Kolumne vom Meteorologen Dominik Jung

Offizielle Kältewarnung für Weihnachten: Wetter-Phänomen lässt die Feiertage zu Eis erstarren

Ein Kältealarm verspricht Weihnachten 2025 als frostiges Spektakel, in dem arktischer Wind ganz Europa überrascht. Eine Wetter-Kolumne von Dominik Jung.

Hamm – Weihnachten 2025 beginnt nicht mit Kerzenschein, sondern mit einer Wetter-Warnkarte in eisigem Blau. Die Wettermodelle sprechen von einer außergewöhnlichen Kältewelle, die pünktlich zu den Feiertagen über Mitteleuropa schwappt. Verantwortlich ist weniger der Schneefall als der Windchill, jener Effekt, der Temperaturen gefühlt drastisch absenkt. Böiger Ostwind treibt trockene Polarluft durch Städte und Dörfer, lässt Haut binnen Minuten auskühlen und macht selbst kurze Wege zur Mutprobe.

Böen bis 70 km/h rauschen am Heiligabend über Deutschland hinweg. Das ist ein eisiger Ostwind.

Straßen wirken leergefegt, Atem gefriert sichtbar, und das vertraute Ritual des winterlichen Spaziergangs bekommt einen neuen Ernst, der zwischen Staunen und Vorsicht pendelt. Warnungen fordern Aufmerksamkeit, ohne Panik, und erinnern daran, wie verletzlich moderne Routinen gegenüber extremer Witterung bleiben, selbst im Hochwinter Europas. Die gefühlten Temperaturen liegen an den Feiertagen zwischen minus 10 und minus 15 Grad.

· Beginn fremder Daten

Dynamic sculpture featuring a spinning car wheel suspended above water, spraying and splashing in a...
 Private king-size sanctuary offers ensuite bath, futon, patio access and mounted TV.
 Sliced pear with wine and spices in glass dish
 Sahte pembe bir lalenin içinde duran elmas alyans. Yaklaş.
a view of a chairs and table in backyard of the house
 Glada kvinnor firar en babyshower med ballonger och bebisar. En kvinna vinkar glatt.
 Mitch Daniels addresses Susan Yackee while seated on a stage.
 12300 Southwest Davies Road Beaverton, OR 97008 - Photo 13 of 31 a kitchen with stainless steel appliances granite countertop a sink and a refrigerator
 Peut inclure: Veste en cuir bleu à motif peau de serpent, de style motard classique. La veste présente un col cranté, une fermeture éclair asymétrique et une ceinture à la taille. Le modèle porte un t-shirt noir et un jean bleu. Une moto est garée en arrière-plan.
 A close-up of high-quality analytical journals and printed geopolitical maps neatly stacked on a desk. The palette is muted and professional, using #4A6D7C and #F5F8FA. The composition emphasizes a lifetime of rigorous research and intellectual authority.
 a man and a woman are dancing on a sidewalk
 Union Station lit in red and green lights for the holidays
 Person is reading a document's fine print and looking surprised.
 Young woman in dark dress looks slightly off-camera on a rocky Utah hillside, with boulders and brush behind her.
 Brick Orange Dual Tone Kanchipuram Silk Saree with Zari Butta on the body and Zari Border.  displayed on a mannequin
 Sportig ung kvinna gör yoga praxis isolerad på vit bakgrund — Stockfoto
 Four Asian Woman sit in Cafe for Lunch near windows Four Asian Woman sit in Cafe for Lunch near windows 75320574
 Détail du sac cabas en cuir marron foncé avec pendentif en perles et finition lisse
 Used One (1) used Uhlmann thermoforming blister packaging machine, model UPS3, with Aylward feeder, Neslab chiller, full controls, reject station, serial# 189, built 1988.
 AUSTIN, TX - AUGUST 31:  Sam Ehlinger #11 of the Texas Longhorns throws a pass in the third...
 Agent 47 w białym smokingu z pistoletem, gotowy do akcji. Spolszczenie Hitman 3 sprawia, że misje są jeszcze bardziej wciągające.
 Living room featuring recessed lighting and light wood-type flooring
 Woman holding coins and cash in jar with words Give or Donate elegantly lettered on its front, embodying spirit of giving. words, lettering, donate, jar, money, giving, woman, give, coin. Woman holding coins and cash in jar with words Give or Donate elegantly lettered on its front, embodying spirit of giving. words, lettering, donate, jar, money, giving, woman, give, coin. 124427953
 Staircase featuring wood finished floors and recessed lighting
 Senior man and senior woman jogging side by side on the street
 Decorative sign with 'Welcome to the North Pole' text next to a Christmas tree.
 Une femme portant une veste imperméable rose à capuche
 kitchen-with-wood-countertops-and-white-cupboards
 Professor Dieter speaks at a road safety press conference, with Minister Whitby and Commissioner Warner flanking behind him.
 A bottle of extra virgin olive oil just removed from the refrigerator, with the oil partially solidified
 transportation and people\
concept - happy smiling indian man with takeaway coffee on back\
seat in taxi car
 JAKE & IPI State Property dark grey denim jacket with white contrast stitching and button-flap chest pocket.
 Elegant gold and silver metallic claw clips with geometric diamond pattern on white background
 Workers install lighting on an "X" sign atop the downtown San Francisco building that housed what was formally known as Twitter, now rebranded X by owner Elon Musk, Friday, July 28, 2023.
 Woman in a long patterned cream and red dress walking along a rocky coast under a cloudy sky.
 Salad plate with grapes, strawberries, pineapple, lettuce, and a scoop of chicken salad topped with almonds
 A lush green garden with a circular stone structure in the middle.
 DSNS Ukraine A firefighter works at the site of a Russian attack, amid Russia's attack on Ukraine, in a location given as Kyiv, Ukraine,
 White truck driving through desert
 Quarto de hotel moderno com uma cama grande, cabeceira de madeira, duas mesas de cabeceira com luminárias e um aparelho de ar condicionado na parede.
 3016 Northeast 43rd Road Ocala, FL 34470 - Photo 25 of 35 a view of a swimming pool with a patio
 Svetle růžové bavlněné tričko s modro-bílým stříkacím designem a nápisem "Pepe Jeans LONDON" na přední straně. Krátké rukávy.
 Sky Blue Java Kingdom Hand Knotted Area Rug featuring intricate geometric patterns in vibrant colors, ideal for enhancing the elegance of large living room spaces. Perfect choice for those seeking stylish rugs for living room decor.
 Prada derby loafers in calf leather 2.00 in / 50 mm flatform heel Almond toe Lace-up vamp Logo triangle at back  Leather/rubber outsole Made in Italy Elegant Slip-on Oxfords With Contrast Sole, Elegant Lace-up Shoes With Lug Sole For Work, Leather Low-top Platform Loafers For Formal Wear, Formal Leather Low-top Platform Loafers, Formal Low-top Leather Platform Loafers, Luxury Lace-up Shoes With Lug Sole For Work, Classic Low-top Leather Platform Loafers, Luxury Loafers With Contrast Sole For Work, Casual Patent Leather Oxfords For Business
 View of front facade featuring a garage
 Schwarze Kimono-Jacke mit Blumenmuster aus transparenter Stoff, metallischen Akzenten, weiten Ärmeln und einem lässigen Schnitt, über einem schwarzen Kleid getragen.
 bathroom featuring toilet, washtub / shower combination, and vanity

Wetter an Weihnachten: Feiertage unter arktischem Atem

In Wohnungen knistert die Heizung, draußen regiert die Kälte die Dramaturgie des Festes. Familien planen Anreisen neu, Kirchen passen Zeiten an, Städte öffnen Wärmestuben. Der Windchill verschiebt die Wahrnehmung, weil minus zehn plötzlich wie minus zwanzig wirken. Experten raten zu mehreren Kleidungsschichten, winddichten Materialien und klaren Zeitfenstern im Freien.

Wer draußen feiert, entdeckt eine stille Schönheit aus funkelndem Reif und scharfem Sternenhimmel. Gleichzeitig wächst die Verantwortung füreinander, denn ältere Menschen, Obdachlose und Kinder reagieren besonders sensibel auf die beißende Kombination aus Wind und Frost. Kommunen appellieren an Nachbarschaftshilfe, kurze Wege und das Melden gefährlicher Situationen in kalten Nächten, besonders an Feiertagen zuverlässig gemeinsam.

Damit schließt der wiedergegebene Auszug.